*** GIVEN RECORDS
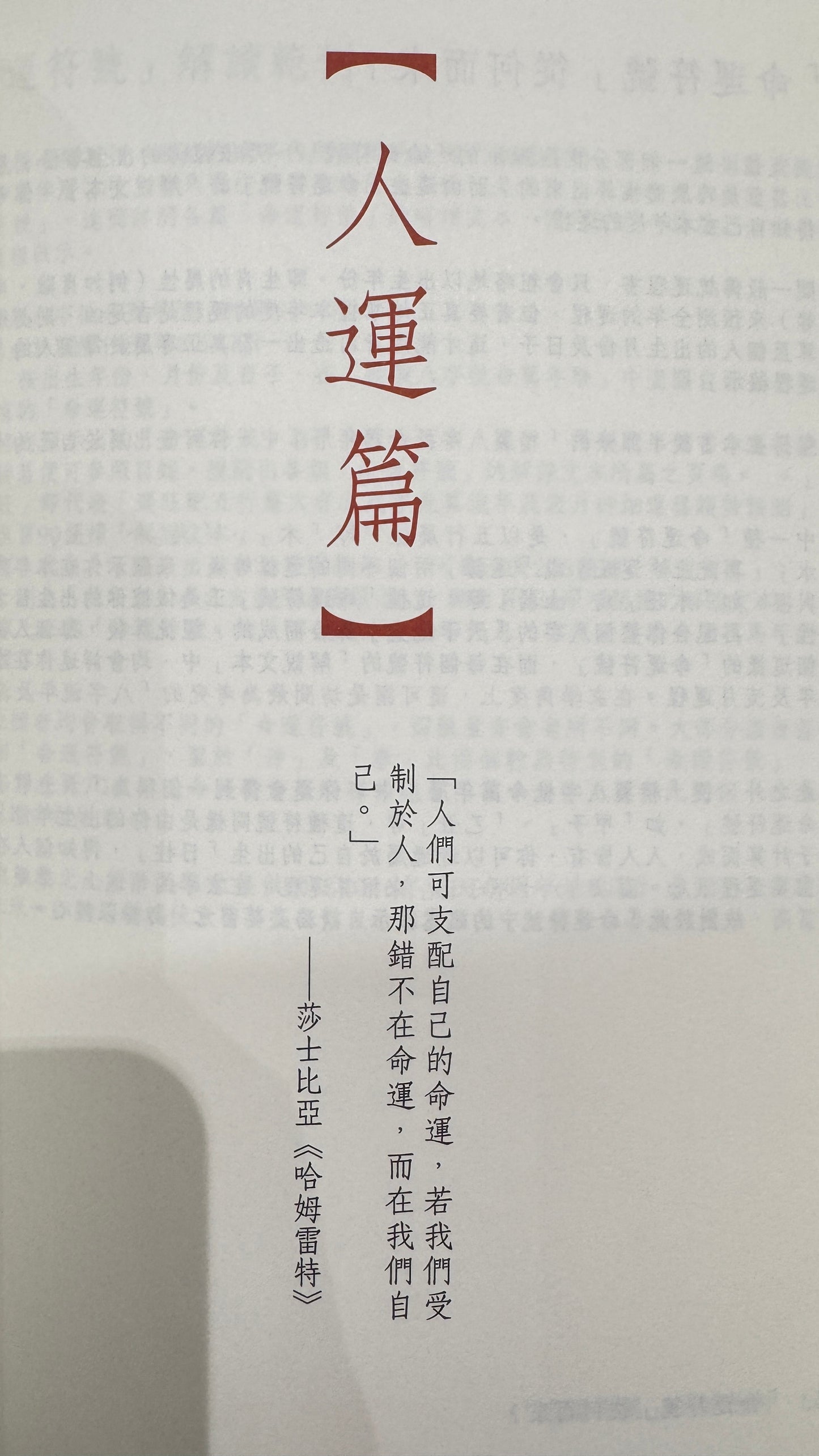 2026年楊天命馬年運程贏 馬年の運勢 本 405ページ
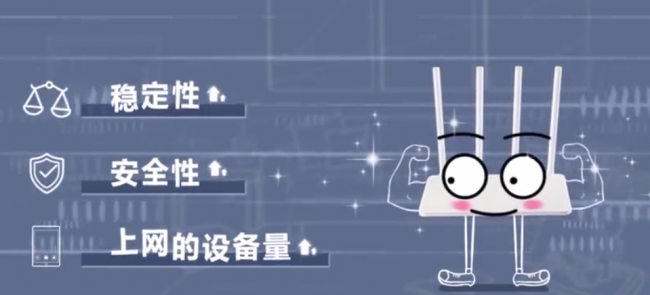 路由器和光猫怎么连接图解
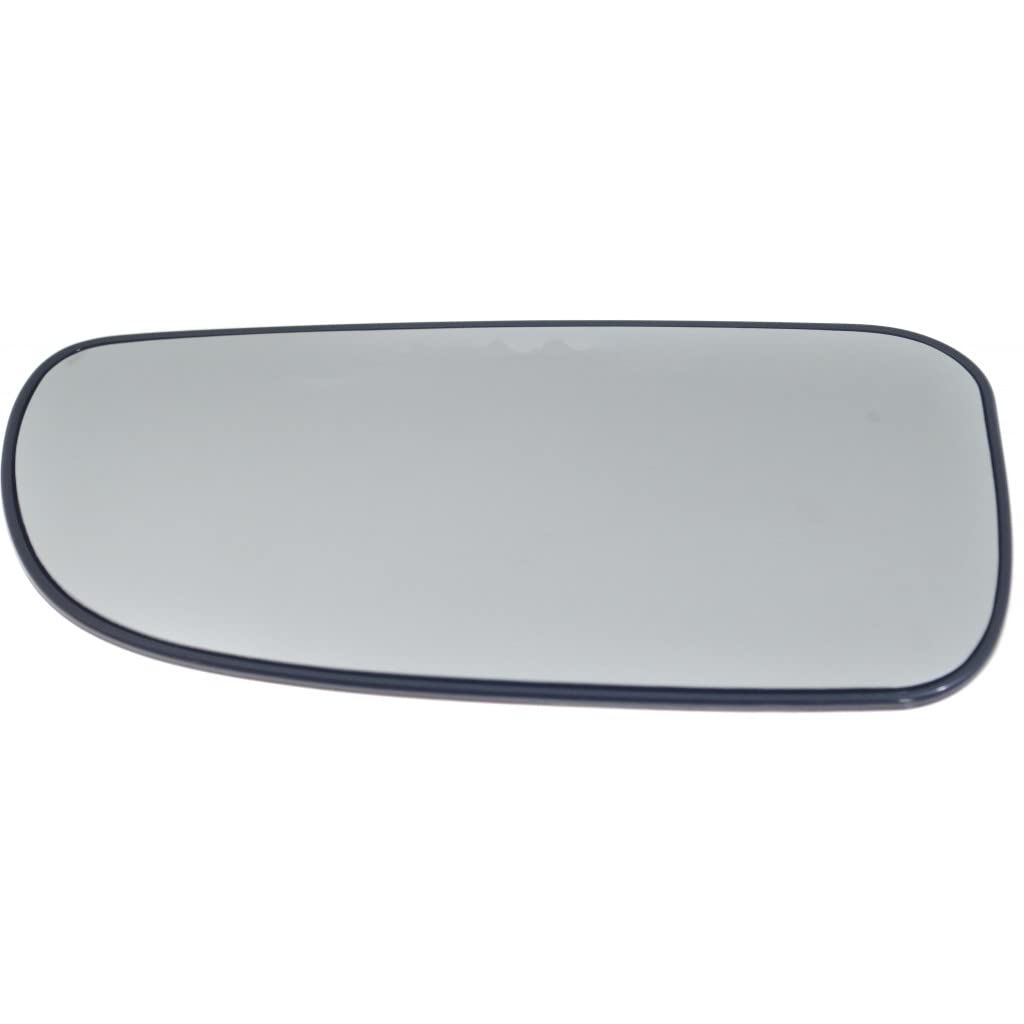 NPAUTO Llavero Copatible Con Chevy Trailblazer GC Envoy 2002 2003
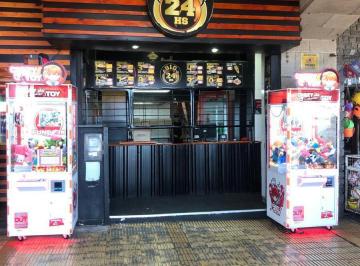 Local comercial · 42m² · Local en Mar del Plata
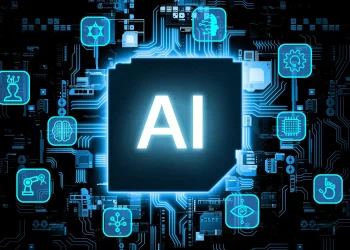 Dependencia digital: el 40% de los jóvenes de la Generación Z admite que ya no puede «funcionar» sin Inteligencia Artificial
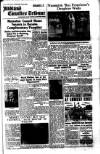Midland Counties Tribune Friday 04 August 1950 Page 1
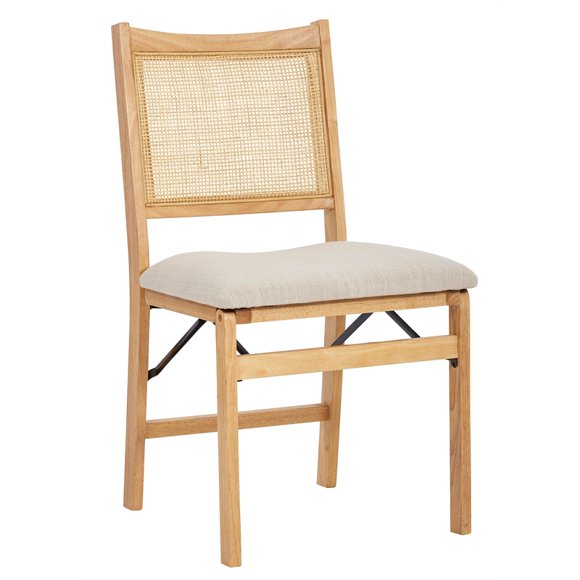 Folding Dining Chairs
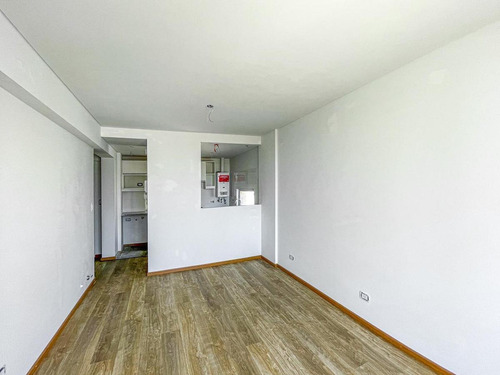 Imagen 5 de 45 de 1-2 Dormitorios Con Amenities | Vista Al Río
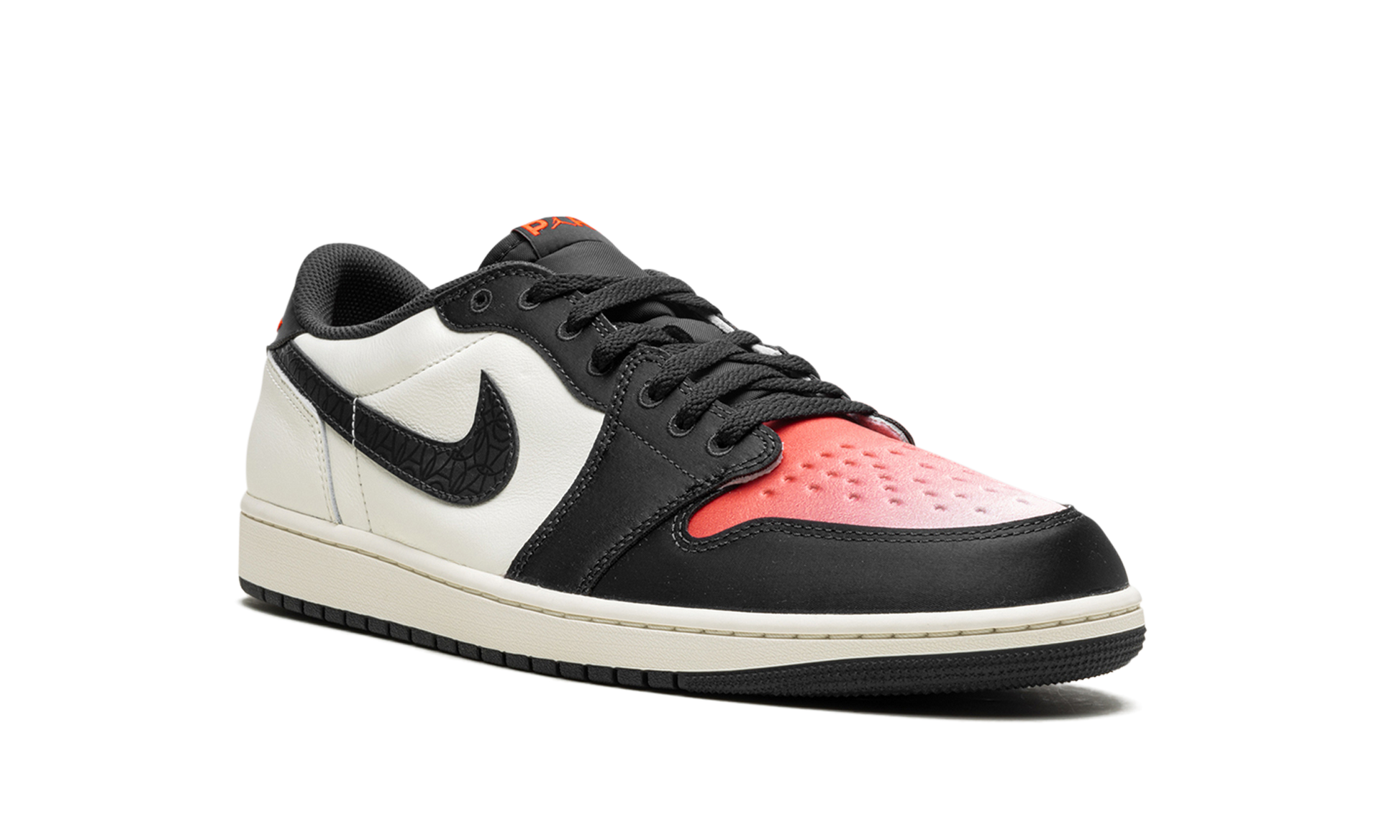 Air Jordan 1 "paris Saint-germain" - 7
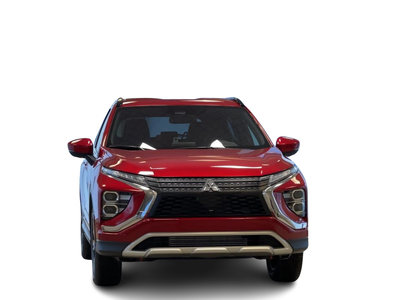 Mitsubishi ECLIPSE CROSS  2025 à Regina, Saskatchewan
******
> _WHAT YOU ARE ASKED TO DO_
Pictures are not part of the copy. Extract exactly the lines from the line containing "Air Jordan 1" through the final line of the entries above, both included.

> _TASK SOLUTION_
 Air Jordan 1 "paris Saint-germain" - 7
 Mitsubishi ECLIPSE CROSS  2025 à Regina, Saskatchewan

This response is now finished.